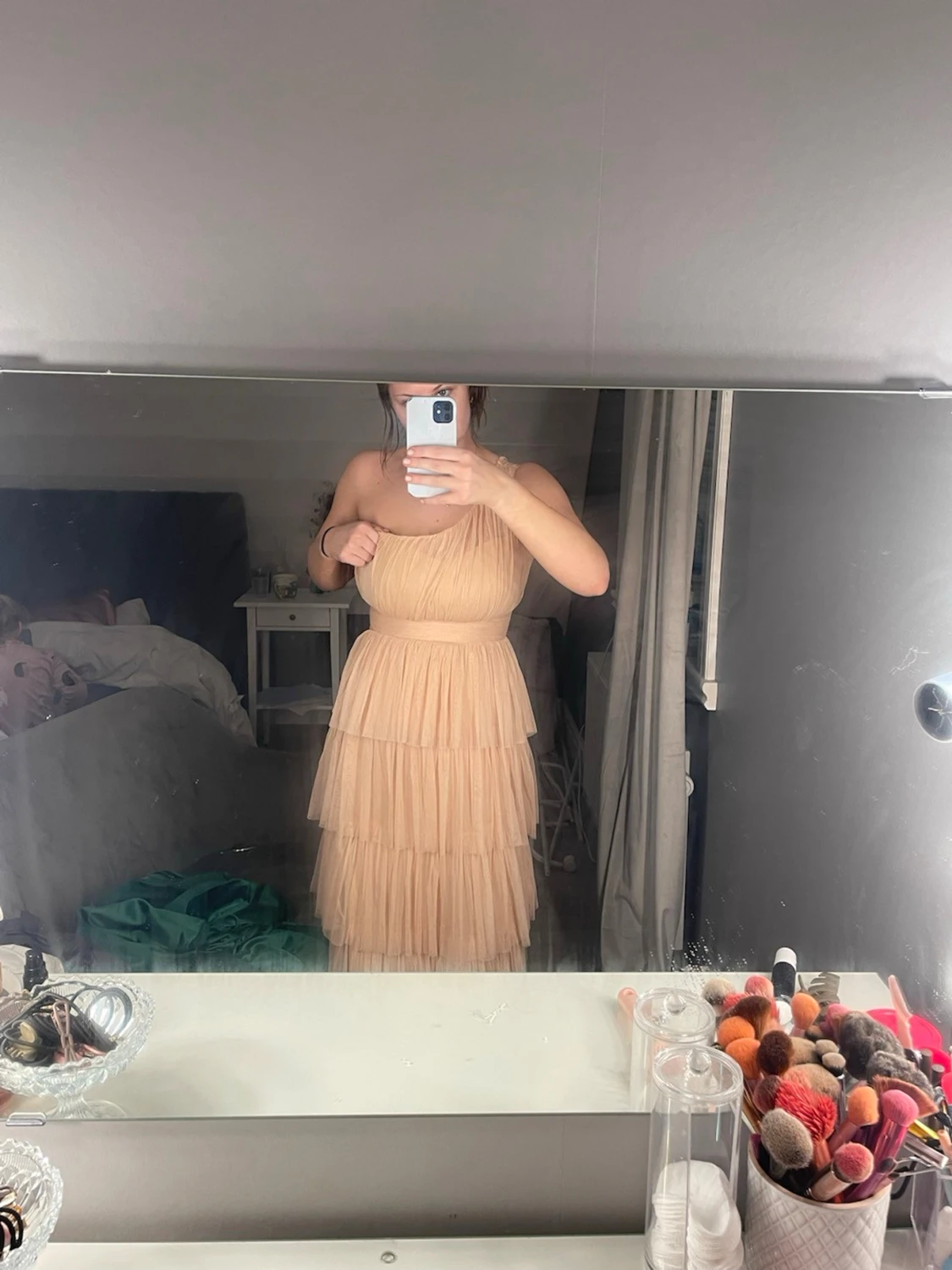 Ljusrosa långklänning oneshoulder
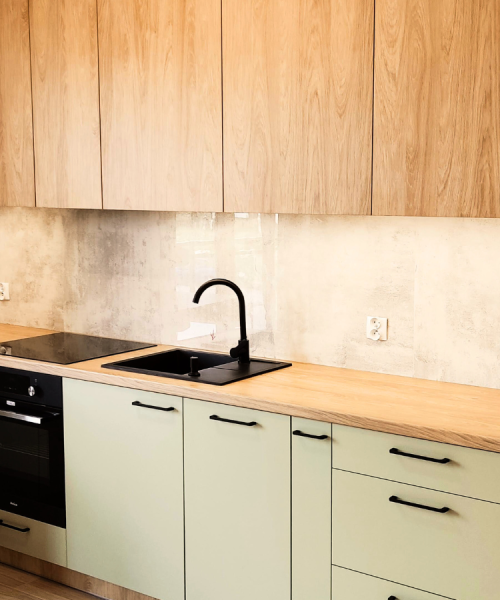 Meble na zamówienie to doskonały wybór dla osób ceniących indywidualizm i wysoką jakość. Dzięki możliwości pełnej personalizacji, meble wykonywane na zamówienie idealnie dopasują się do każdej przestrzeni, niezależnie od jej wielkości i stylu. Kuchnie na wymiar, szafy na wymiar.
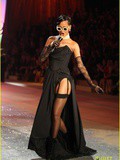 Rihanna montre ses bas pour Victoria’s Secret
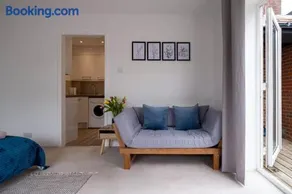 Little Nye - Image 4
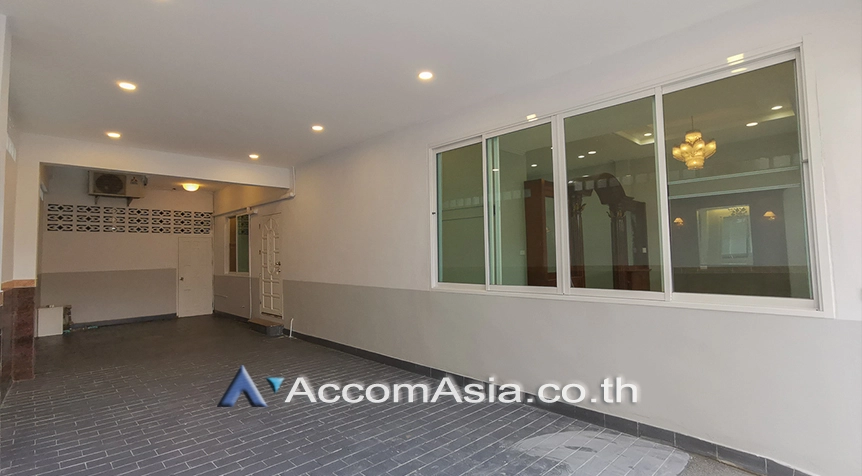 15  6 br House for rent and sale in Sathorn ,Bangkok BTS Chong Nonsi AA27315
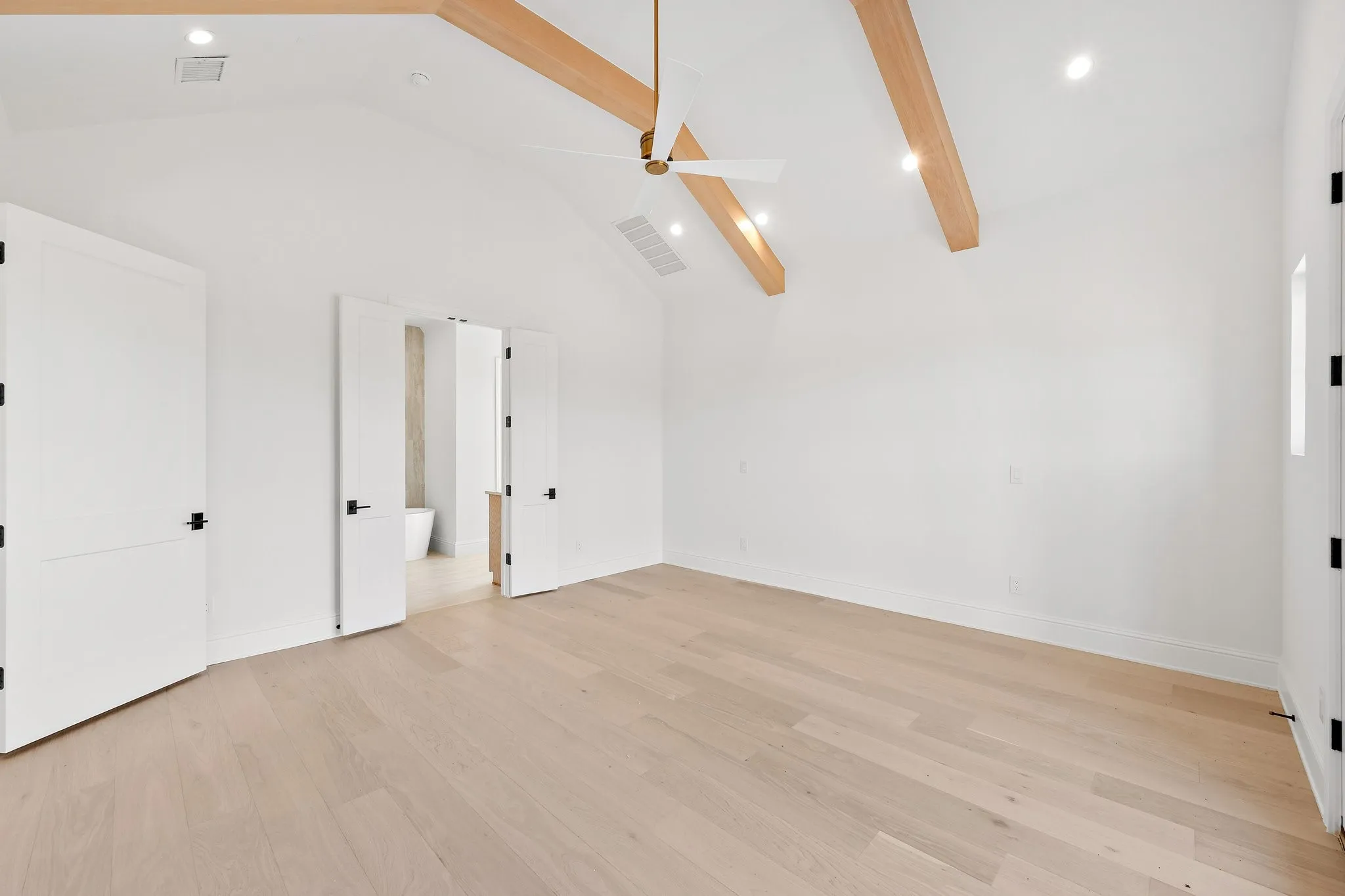 Single Family Residence For Sale in Denton County , 1111 Lakeway Drive, Sanger, Texas 76266, 4 Bedroom, 5 Bathroom, 3 Garage spaces, 5,067 Sqft, built in 2026, mls#21380974, Real Estate Agent in Sanger, Homes For Sale in Denton county, Homes For Sale in Sanger, Realtor in Sanger Texas, Real Estate Brokerage Independent Realty Texas, Luminita Cordes Realtor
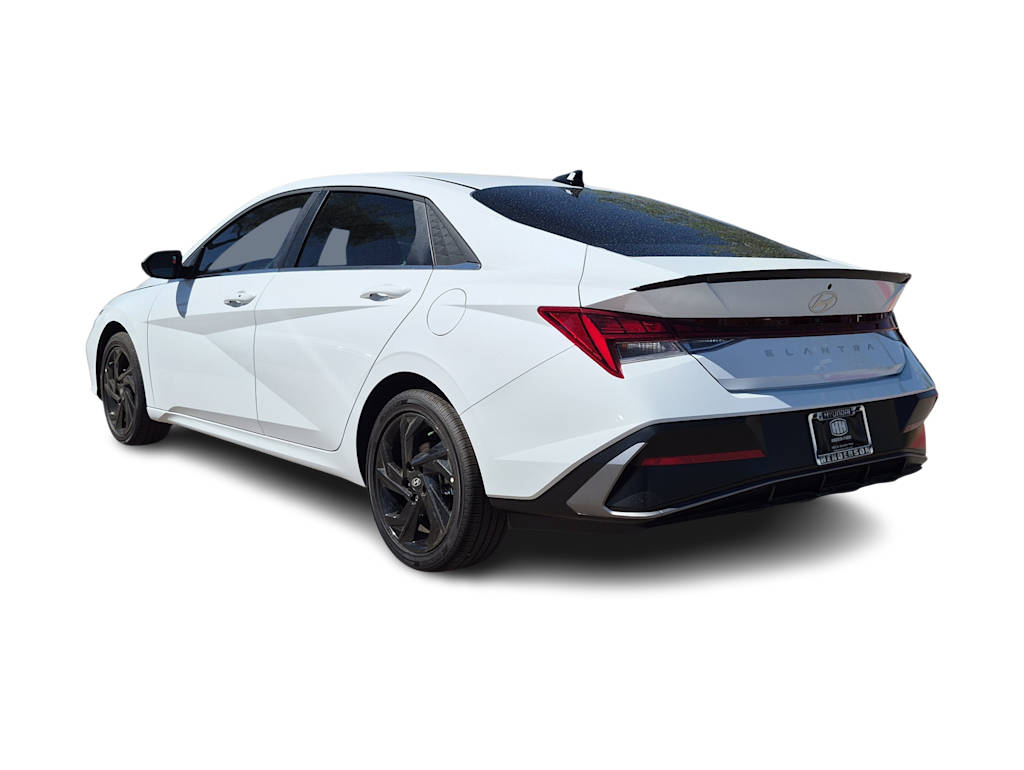 Thumbnail: 2026 Hyundai Elantra - 4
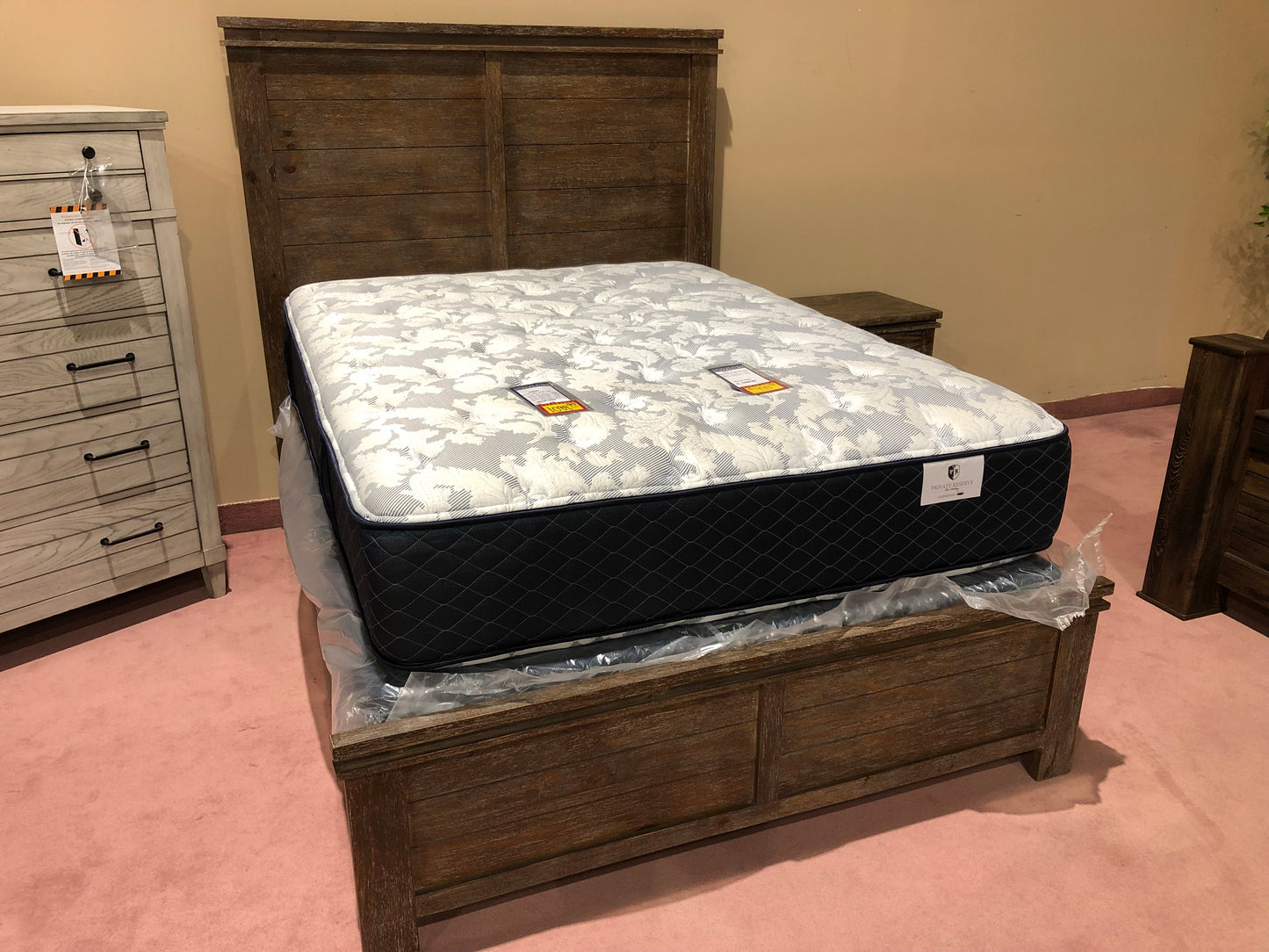 Seattle Queen Bed, Chest, Nightstand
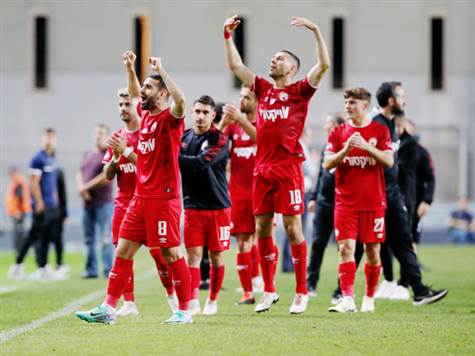 מנגד, הפועל ב``ש תבוא במומנטום - שלושה נצחונות רצופים יש לקבוצה של אליניב ברדה, כולל העפלה לחצי גמר הגביע אחרי הניצחון על הפועל פ``ת. האדומים ינסו לנצל את ההפסד של הפועל חיפה לסכנין, ולפתוח פער בקרב על המקום השלישי והכרטיס לאירופה (צילום: אלן שיבר)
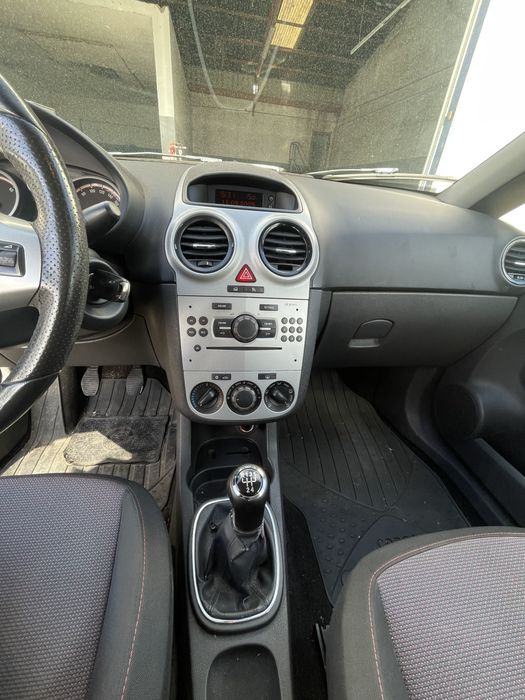 Opel corsa D em bom estado geral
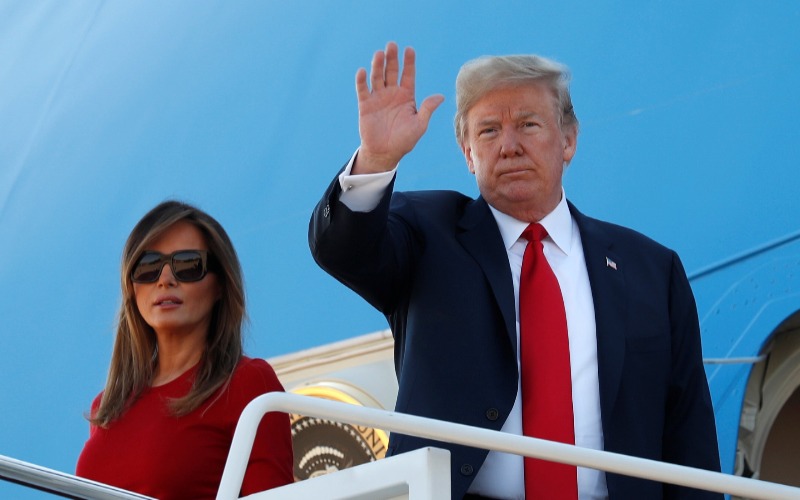 Donald Trump y su esposa Melania abordan el Air Force One para viajar a Bruselas, donde el presidente de EU participará en la cumbre de la OTAN. (Reut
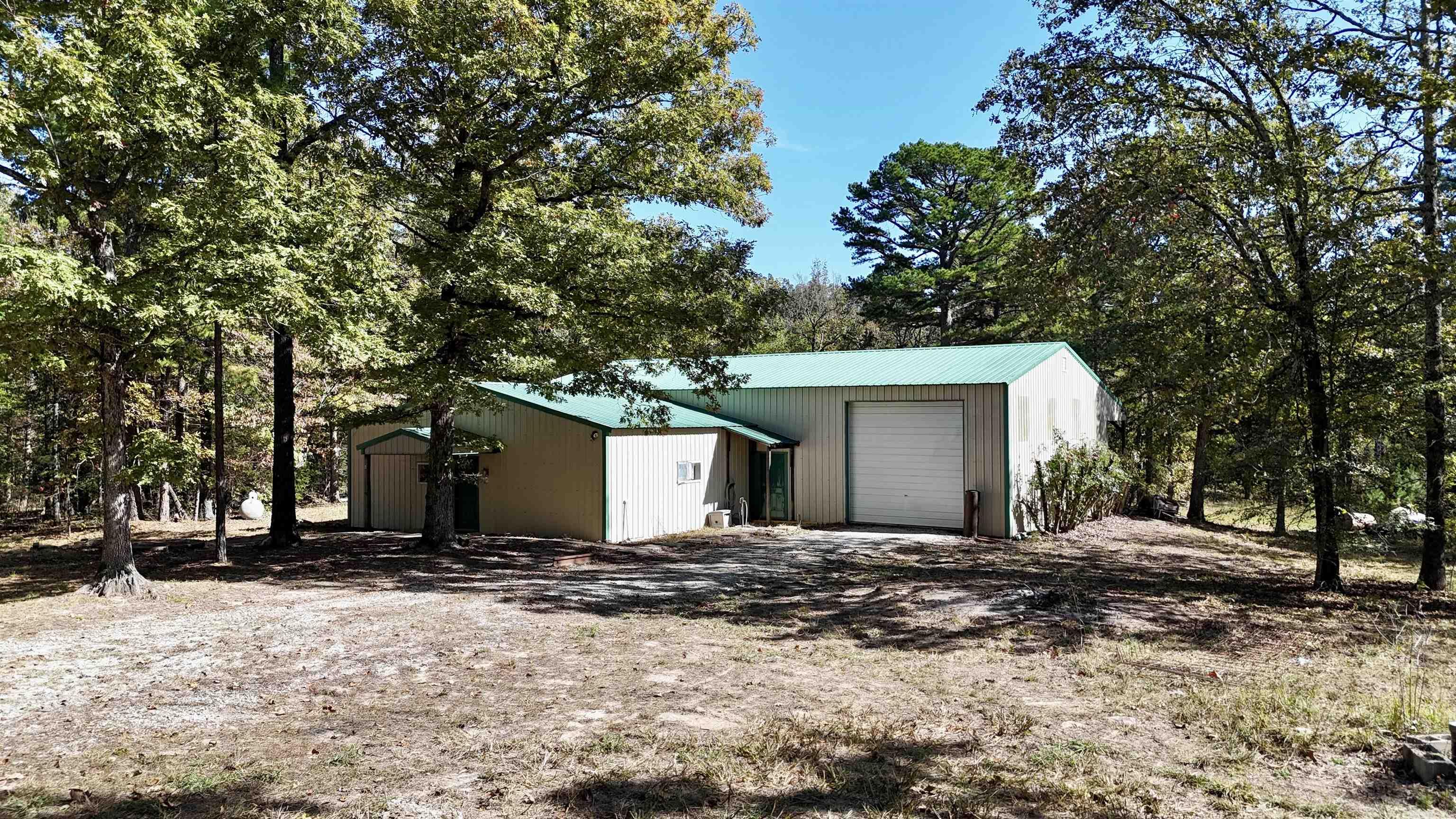 1444 Forest Home LN  Mountain View, AR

——————

Leave out every picture, and write out exactly the lines from the one with "(צילום: אלן שיבר)" through the end of the records above, both ends included.

 מנגד, הפועל ב``ש תבוא במומנטום - שלושה נצחונות רצופים יש לקבוצה של אליניב ברדה, כולל העפלה לחצי גמר הגביע אחרי הניצחון על הפועל פ``ת. האדומים ינסו לנצל את ההפסד של הפועל חיפה לסכנין, ולפתוח פער בקרב על המקום השלישי והכרטיס לאירופה (צילום: אלן שיבר)
 Opel corsa D em bom estado geral
 Donald Trump y su esposa Melania abordan el Air Force One para viajar a Bruselas, donde el presidente de EU participará en la cumbre de la OTAN. (Reut
 1444 Forest Home LN  Mountain View, AR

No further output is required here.